Telco Customer Churn Prediction

In this project, I designed a predictive model to determine the probability that customers will leave the service (churn) or continue to use the service (retain) at a telco company and achieve a sensitivity score of 80%.

In working on this project, I used a workflow based on the CRISP-DM model, starting from business understanding, data understanding, data preparation, modeling, evaluation, and deployment.

Project Notebook & Presentation

Detailed project notebook on my GitHub or Kaggle
Download project presentation here
Deployment repo here

Dataset & Business Understanding

Dataset Information

This dataset contains customer information from a fictional telco company
This company provides various services such as streaming, phone, and internet services

Attribute Information

Identifier
- customerID - ID number of the customer
Target Variable
- Churn - Churn status, whether the customer churned or not
Demographic information
- gender - Whether the customer is a male or a female
- SeniorCitizen - Whether the customer is a senior citizen or not
- Partner - Whether the customer has a partner or not
- Dependents - Whether the customer has dependents or not
Customer account information
- tenure - Number of months the customer has used the service
- Contract - The contract term of the customer
- PaperlessBilling - Whether the customer has paperless billing or not
- PaymentMethod - The customer’s payment method
- MonthlyCharges - The amount charged to the customer monthly
- TotalCharges - The total amount charged to the customer
Services that each customer has signed up for
- PhoneService - Whether the customer has a phone service or not
- MultipleLines - Whether the customer has multiple lines or not
- InternetService - Customer’s internet service provider
- OnlineSecurity - Whether the customer has online security or not
- OnlineBackup - Whether the customer has online backup or not
- DeviceProtection - Whether the customer has device protection or not
- TechSupport - Whether the customer has tech support or not
- StreamingTV - Whether the customer has streaming TV or not
- StreamingMovies - Whether the customer has streaming movies or not

Note: Since this dataset is using CamelCase format for the column names, for this project, I will convert it to snake_case format.

Company Goals
Increasing profit! But how can we achieve it? Some of the way to increase profit are:

Acquiring new customers as much as we can
Retaining existing customers as much as we can

Problems

Companies need to invest (expense costs) to get new customers
When a customer leaves the service (churns), it indicates a loss of investment
Cost, time, and effort need to be channelled to replace customers who have left the service
Acquiring new customers is often more difficult and more expensive than retaining existing customers
On Hardvard Business Review page, they said: acquiring a new customer is anywhere from five to 25 times more expensive than retaining an existing one

Objectives

Predict whether customers will continue to use the service or will leave the service
Understanding the customer behaviors:
- What keeps customers using the service
- What makes customers leave the service

Exploratory Data Analysis

What Happened?

27% customers leave us!

Target Distribution

Top 5 Churn Probability

Top 5 Retain Probability

Attribute Associations to Churn Status

Data Preprocessing

I do some data preprocessing, such as:

Imputing missing values
Removing redundant values
Train - test split
Feature encoding
Feature scaling
Oversampling with SMOTE

Model Development & Evaluation

I tried several machine learning algorithms, such as:

Logistic regression
Ridge classifier
KNN
SVC
Neural network
Decision tree
Random forest
Gradient boosting classifier
AdaBoost classifier
CatBoost classifier
Hist gradient boosting classifier
XGBoost
LightGBM

Overall, boosting methods show a good performance. Then, I tried to compare some feature selection methods and hyperparameter tuning to see if the performance of boosting methods can be improved.

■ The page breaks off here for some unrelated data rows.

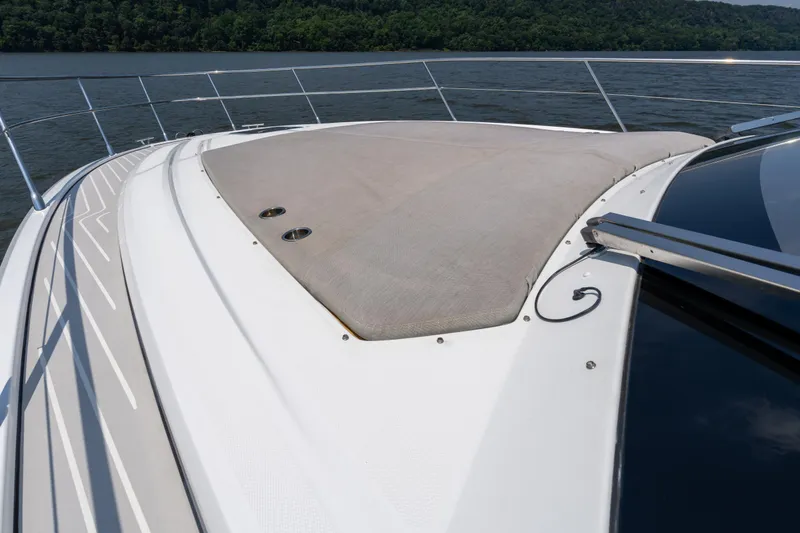  Yacht Photos Pics 2023 Azimut Atlantis 45 yacht deck with sunpad, cruising on a scenic river.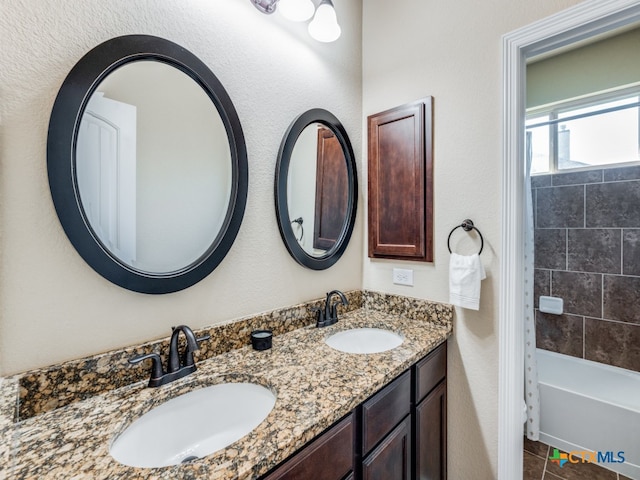 bathroom featuring vanity and shower / tub combo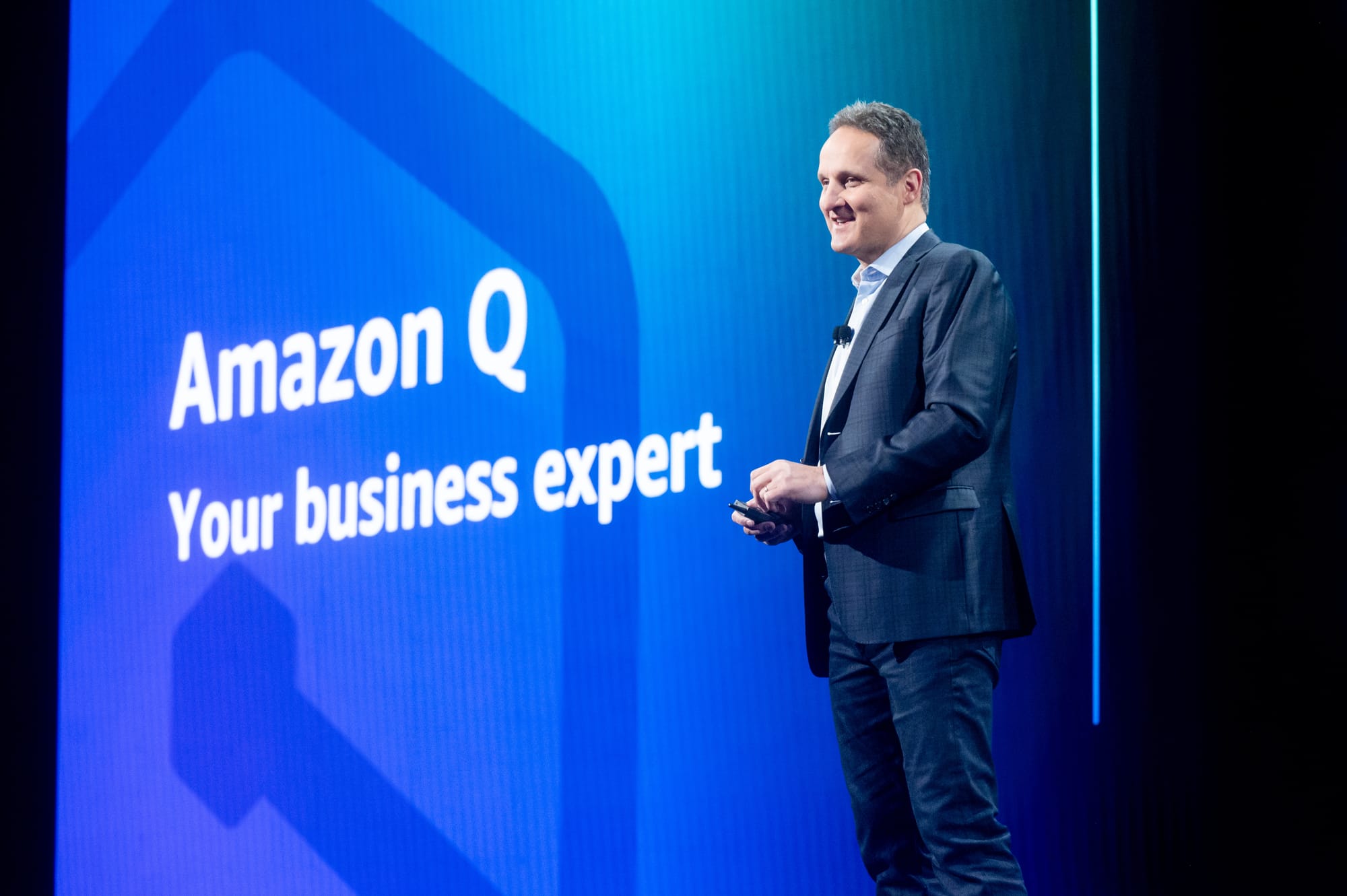 AWS CEO Adam Selipsky on stage at re:Invent 2023 introducing Amazon Q.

My tuning strategy focuses on optimizing the positive recall value (not the average) to minimize the occurrence of false negatives, which is when we incorrectly predict customers who actually churn as non-churn. This is because the cost of acquiring new customers is more expensive than retaining existing customers. But, I still pay attention to the accuracy score as well.

To do model selection, I use the harmonic mean (F-beta) of accuracy and recall.

	accuracy	recall	fbeta
Gradient Boosting Classifier	0.775	0.766	0.771
AdaBoost Classifier	0.759	0.783	0.770
CatBoost Classifier	0.761	0.765	0.763
Hist Gradient Boosting	0.756	0.781	0.768
XGBoost	0.761	0.779	0.770
LightGBM	0.762	0.791	0.777

Conclusion

Final Model
LightGBM with feature selection using filter method and get:

Accuracy: 76.2%
Positive recall: 79.1%

Recommendation and Request

We should pay more attention to customers who meet the criteria below
- Contract: Month-to-month
- Tenure: Short tenure
- Internet service: Fiber optic
- Payment method: Electronic check
Please, evaluate our service!
Especially for internet service (fiber optic) and payment method (electronic check)
Can we give more benefit to a new customer?
Because the new customer has a high probability to churn

Explainable AI

SHAP (SHapley Additive exPlanations) is a game theoretic approach to explain the output of any machine learning model.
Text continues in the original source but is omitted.